[Captioned web image data]
++++++++++++++++++++

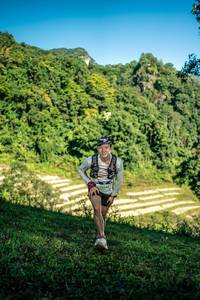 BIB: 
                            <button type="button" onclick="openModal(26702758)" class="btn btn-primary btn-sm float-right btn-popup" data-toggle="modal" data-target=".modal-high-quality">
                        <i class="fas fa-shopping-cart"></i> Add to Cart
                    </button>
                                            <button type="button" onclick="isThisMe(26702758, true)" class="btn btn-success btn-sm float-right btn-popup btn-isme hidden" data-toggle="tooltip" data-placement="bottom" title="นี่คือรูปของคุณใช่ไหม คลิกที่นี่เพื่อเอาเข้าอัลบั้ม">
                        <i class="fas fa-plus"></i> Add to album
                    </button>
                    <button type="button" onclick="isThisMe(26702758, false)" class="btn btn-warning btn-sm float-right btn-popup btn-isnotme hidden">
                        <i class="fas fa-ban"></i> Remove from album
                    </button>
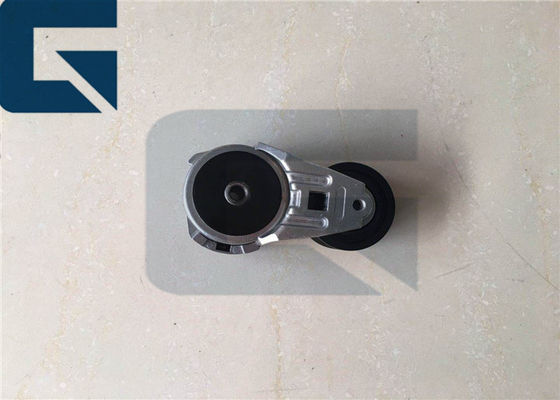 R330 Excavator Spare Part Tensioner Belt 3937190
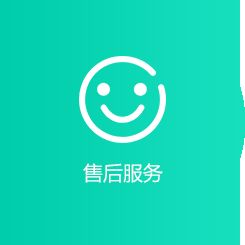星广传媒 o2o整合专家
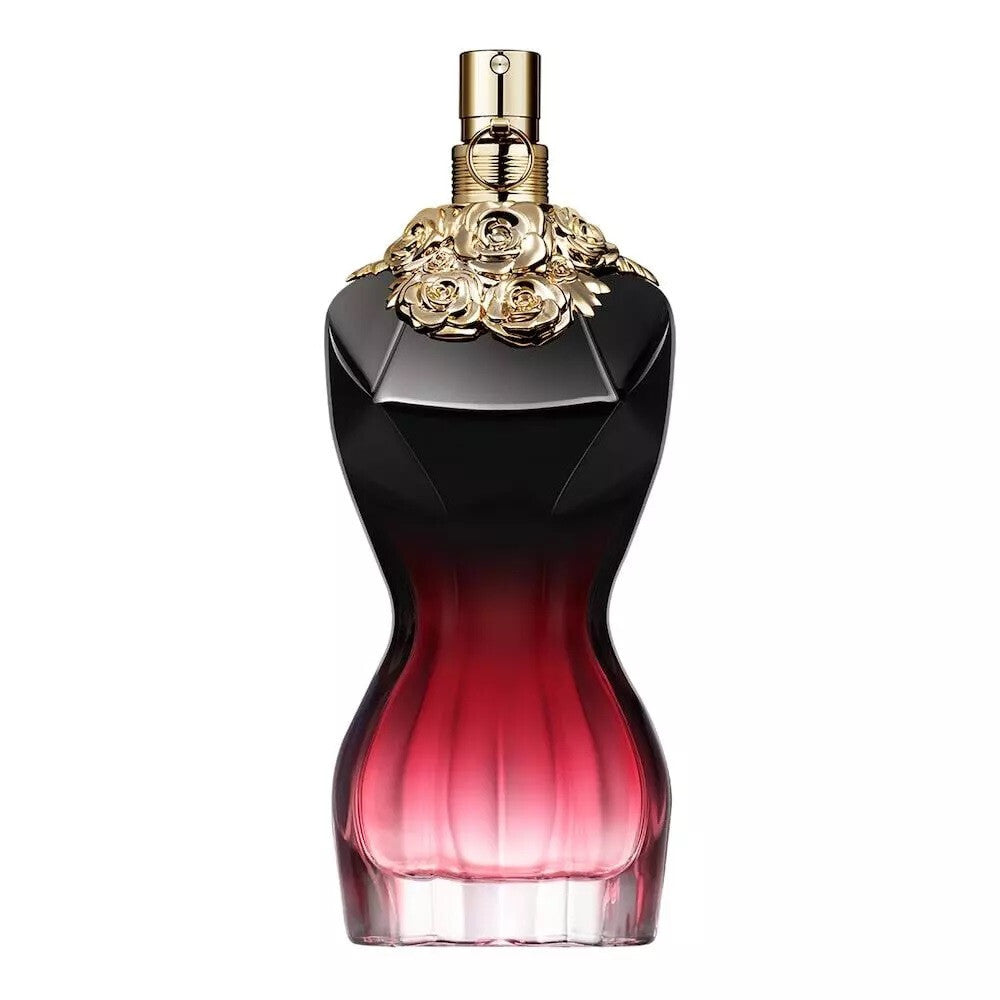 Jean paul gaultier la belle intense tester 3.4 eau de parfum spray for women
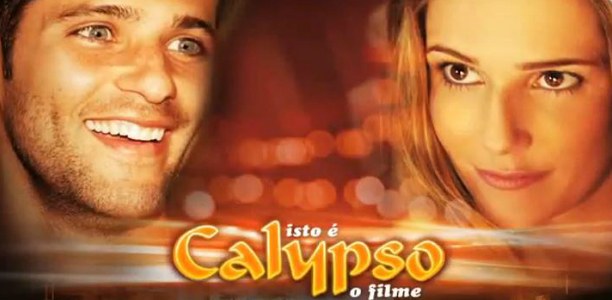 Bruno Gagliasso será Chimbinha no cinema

++++++++++++++++++++

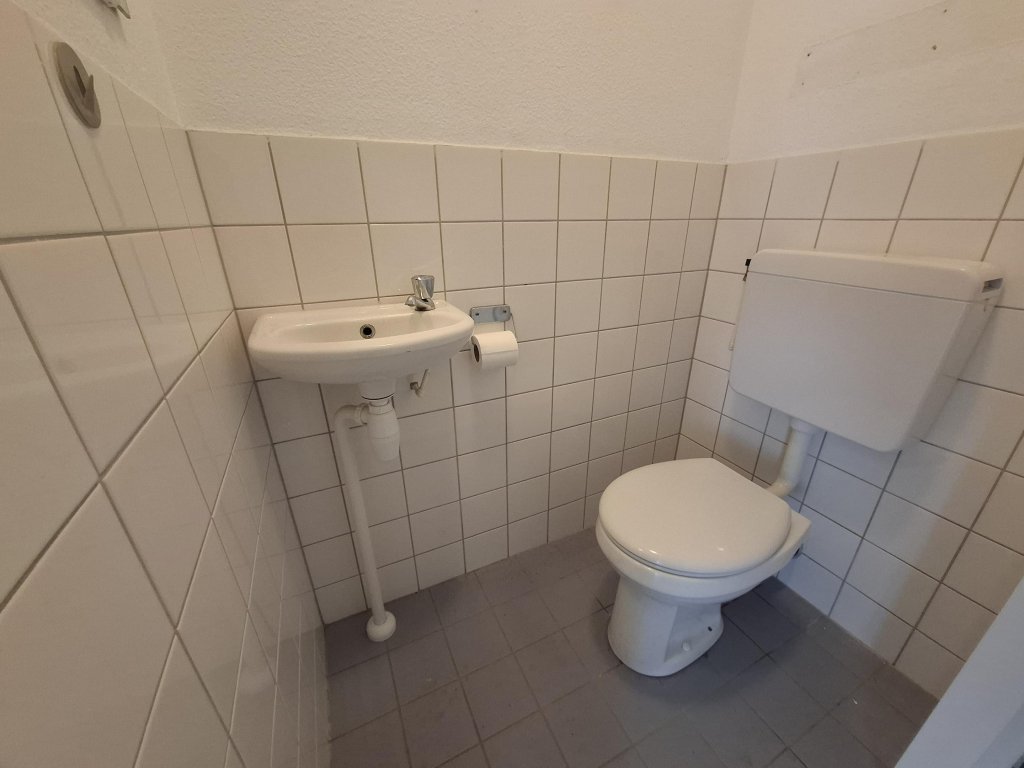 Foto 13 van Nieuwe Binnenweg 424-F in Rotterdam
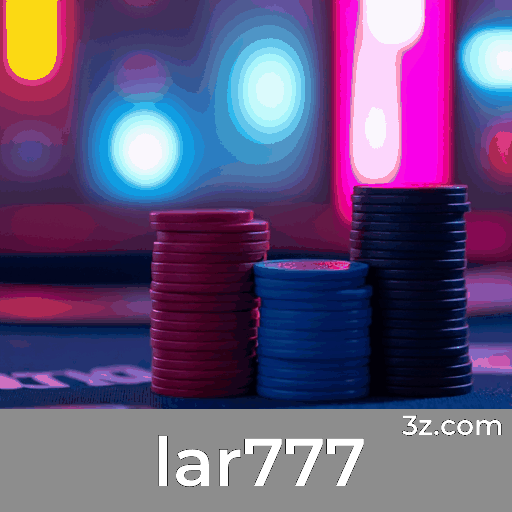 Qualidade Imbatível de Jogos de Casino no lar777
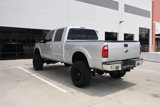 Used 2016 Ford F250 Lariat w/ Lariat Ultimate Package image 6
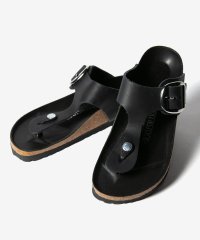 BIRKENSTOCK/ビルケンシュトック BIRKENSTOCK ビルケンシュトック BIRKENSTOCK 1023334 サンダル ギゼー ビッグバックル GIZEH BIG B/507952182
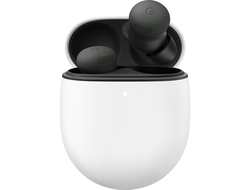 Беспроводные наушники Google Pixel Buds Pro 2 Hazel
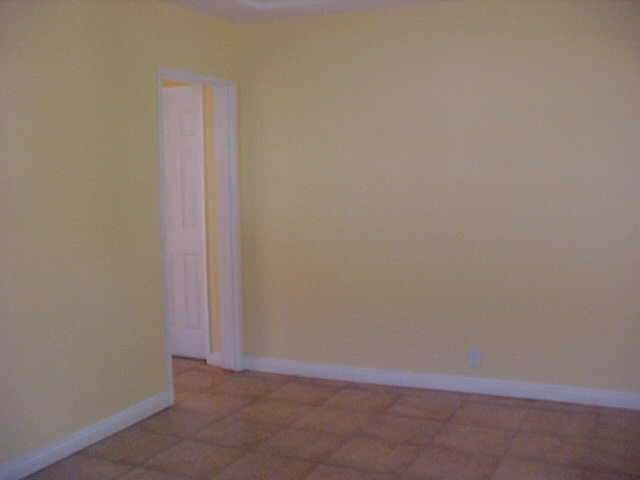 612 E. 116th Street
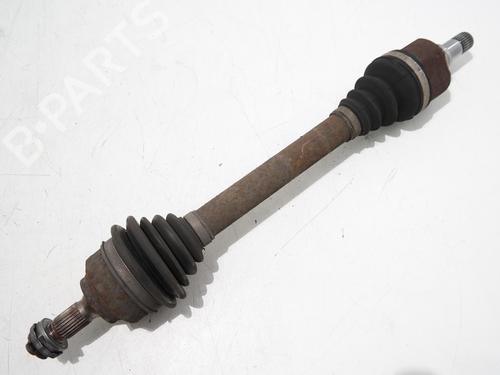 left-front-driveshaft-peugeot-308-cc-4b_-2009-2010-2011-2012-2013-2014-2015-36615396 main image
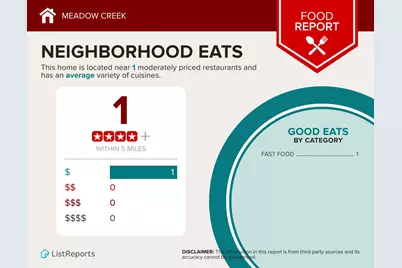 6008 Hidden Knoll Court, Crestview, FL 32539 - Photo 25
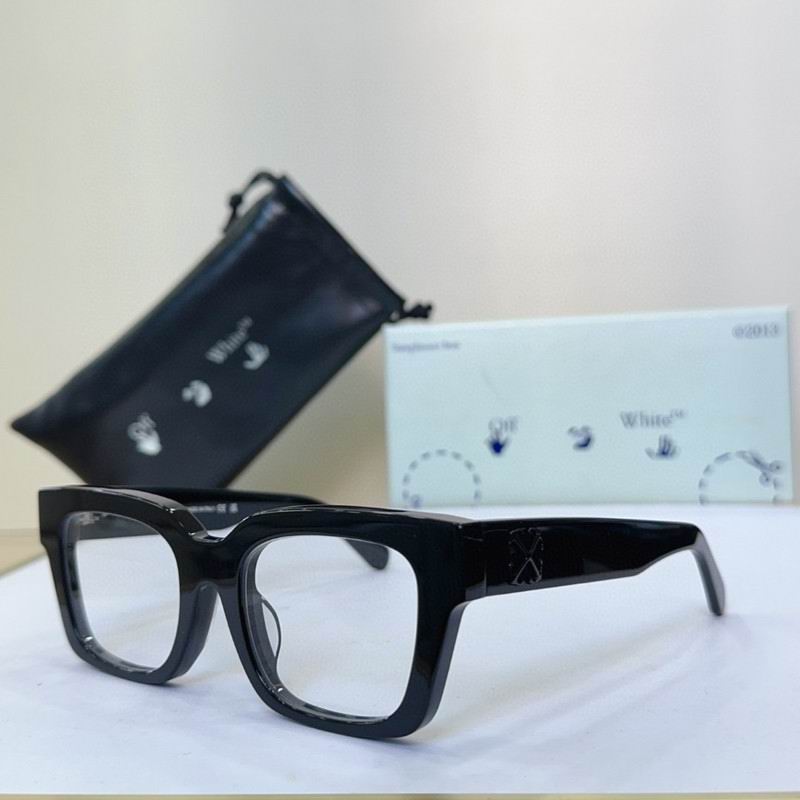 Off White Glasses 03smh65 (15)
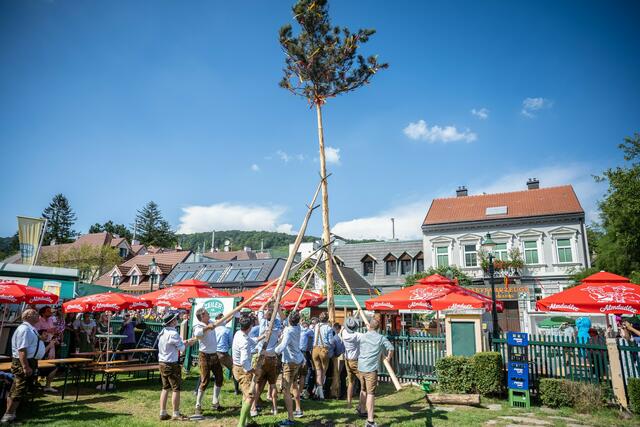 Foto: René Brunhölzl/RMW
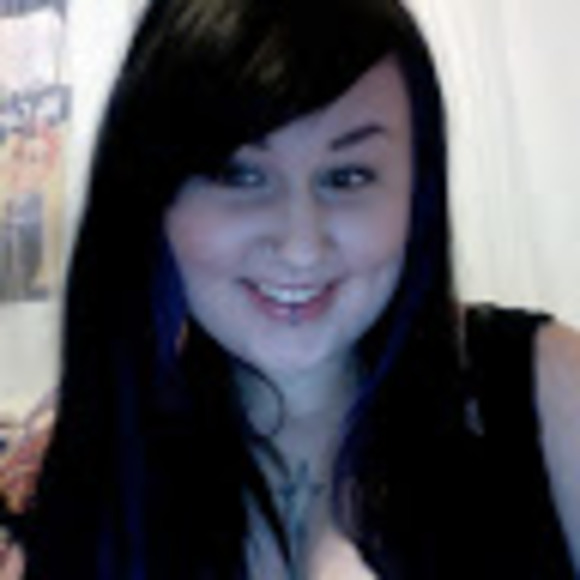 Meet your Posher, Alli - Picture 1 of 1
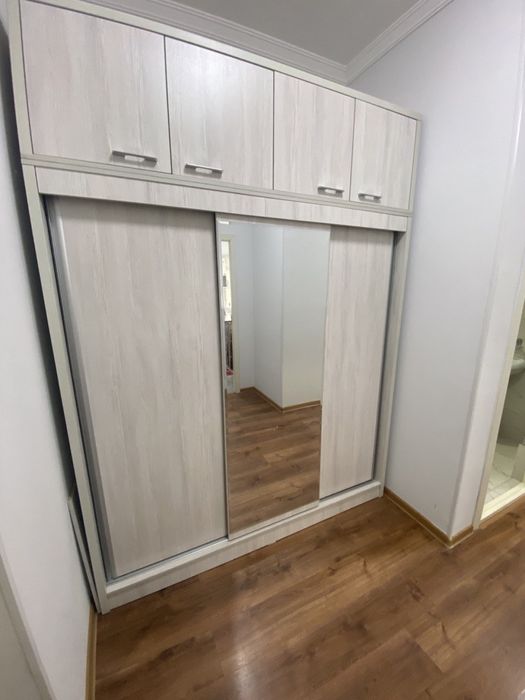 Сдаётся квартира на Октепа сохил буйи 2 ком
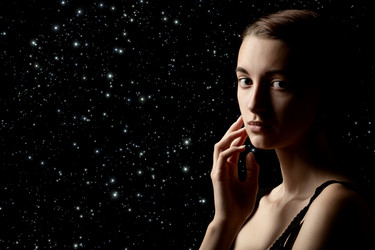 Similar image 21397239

++++++++++++++++++++

* **Aim of the exercise**:
Reproduce exactly the lines above that run from the one with "Qualidade Imbatível de" to the one with "Similar image 21397239", both included, leaving pictures out.

* **Answer section**:
 Qualidade Imbatível de Jogos de Casino no lar777
 Used 2016 Ford F250 Lariat w/ Lariat Ultimate Package image 6
 BIRKENSTOCK/ビルケンシュトック BIRKENSTOCK ビルケンシュトック BIRKENSTOCK 1023334 サンダル ギゼー ビッグバックル GIZEH BIG B/507952182
 Беспроводные наушники Google Pixel Buds Pro 2 Hazel
 612 E. 116th Street
 left-front-driveshaft-peugeot-308-cc-4b_-2009-2010-2011-2012-2013-2014-2015-36615396 main image
 6008 Hidden Knoll Court, Crestview, FL 32539 - Photo 25
 Off White Glasses 03smh65 (15)
 Foto: René Brunhölzl/RMW
 Meet your Posher, Alli - Picture 1 of 1
 Сдаётся квартира на Октепа сохил буйи 2 ком
 Similar image 21397239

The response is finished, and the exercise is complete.